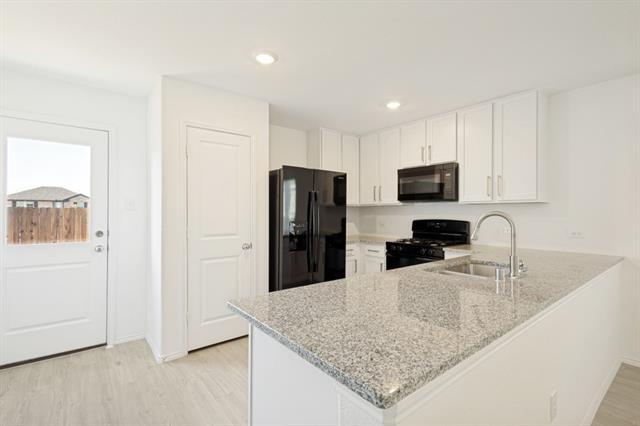 Building Photo - 3037 Ashbrook Ln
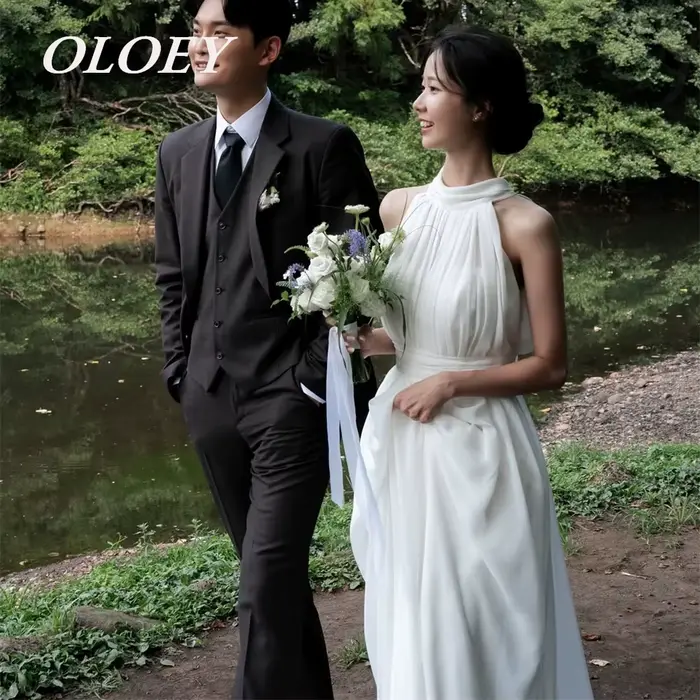 OLOEY élégant licou une ligne robes de mariée plis en mousseline de soie sans manches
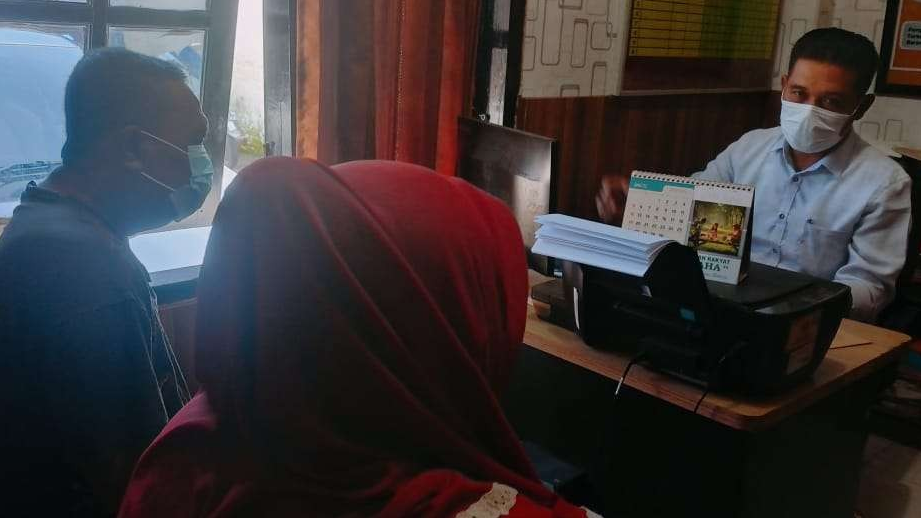 Suami dan istri yang diduga berbelanja pakai uang palsu sedang diperiksa penyidik (Foto: Istimewa)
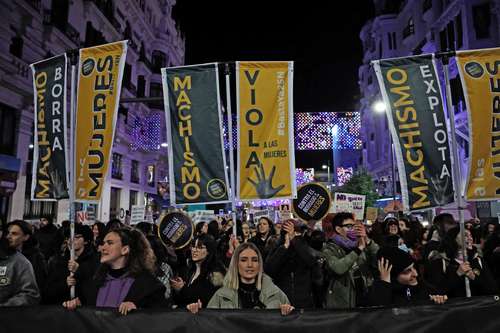 Feministas se movilizaron en Madrid en demanda de equidad y contra la violencia de género.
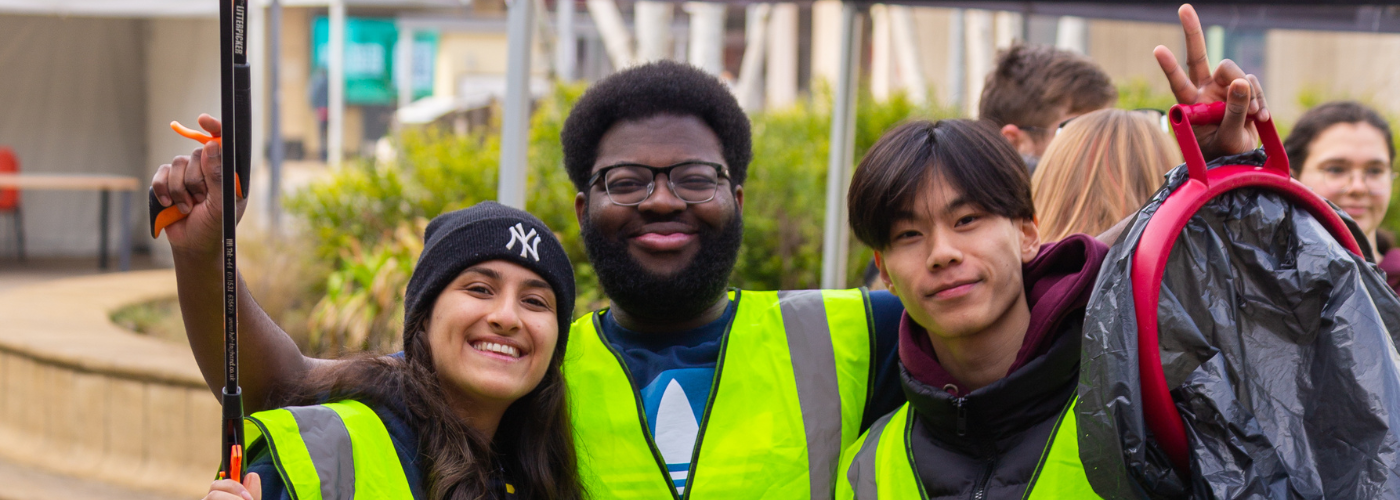 Litter picking volunteers essex su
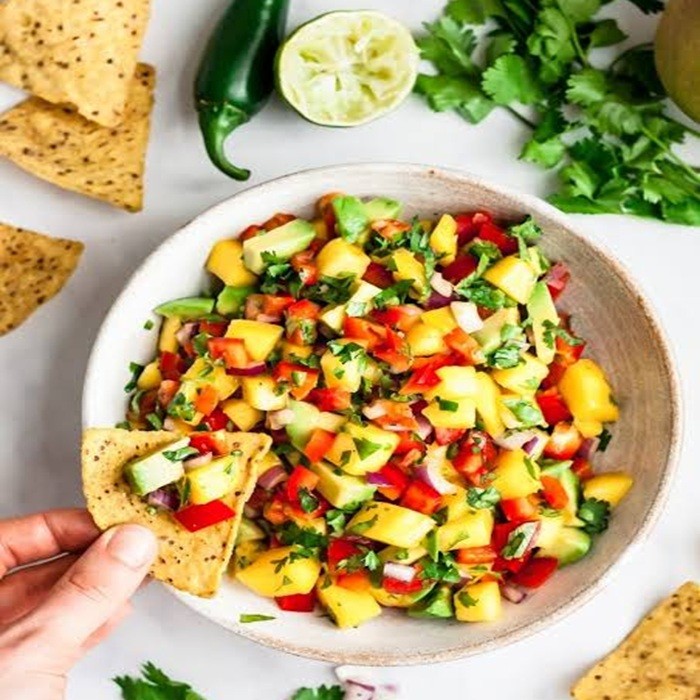 Tropikalna salsa z mango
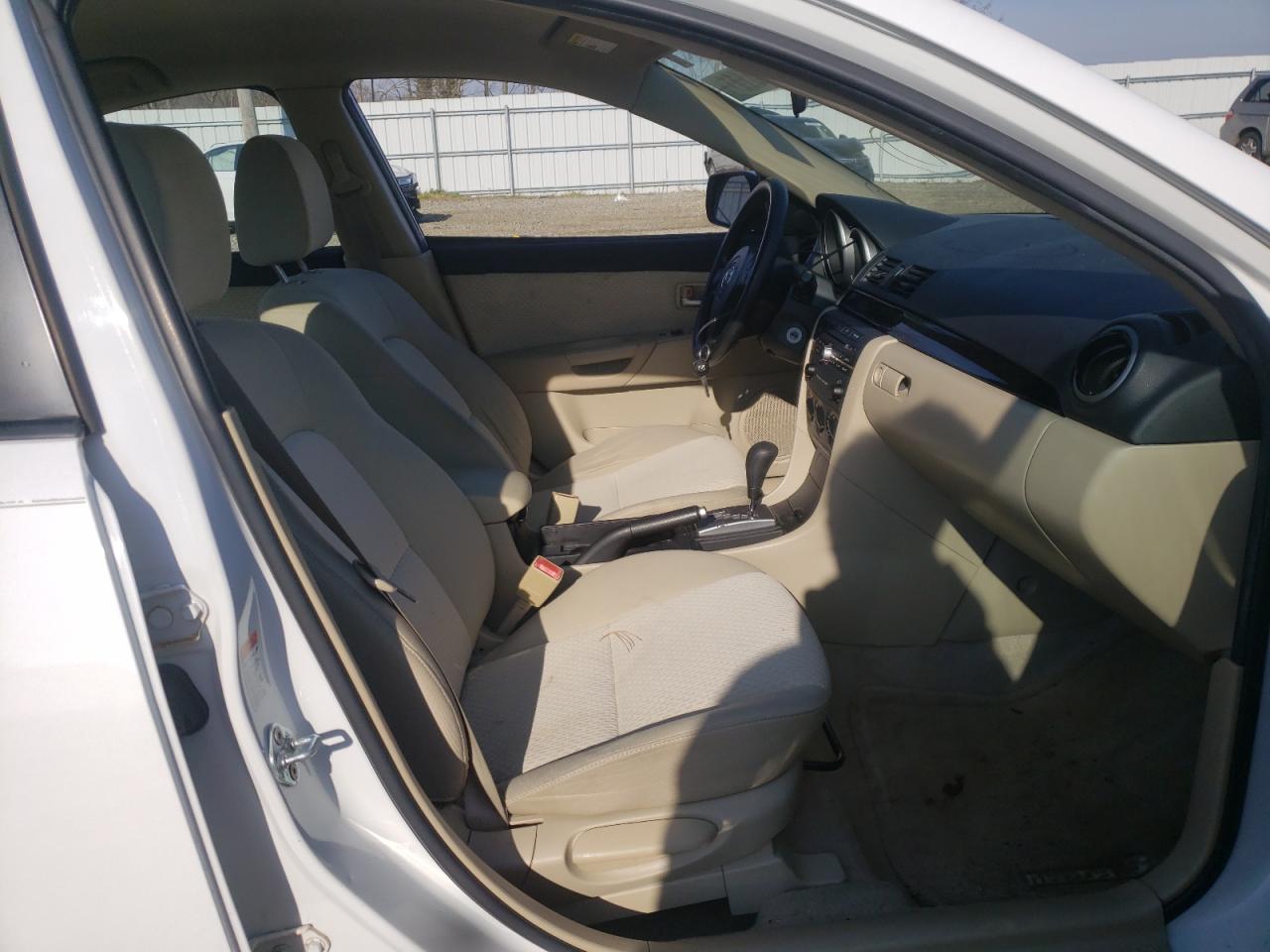 Photo 5 from auction – 2004 MAZDA 3 I with VIN JM1BK32F041183034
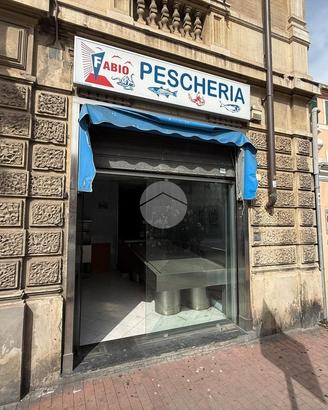 NEGOZIO A GENOVA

########

To do :: Restate exactly the lines that start at the "OLOEY élégant licou" line and end with the last line of the material above, leaving out the pictures.

Answer space ::
 OLOEY élégant licou une ligne robes de mariée plis en mousseline de soie sans manches
 Suami dan istri yang diduga berbelanja pakai uang palsu sedang diperiksa penyidik (Foto: Istimewa)
 Feministas se movilizaron en Madrid en demanda de equidad y contra la violencia de género.
 Litter picking volunteers essex su
 Tropikalna salsa z mango
 Photo 5 from auction – 2004 MAZDA 3 I with VIN JM1BK32F041183034
 NEGOZIO A GENOVA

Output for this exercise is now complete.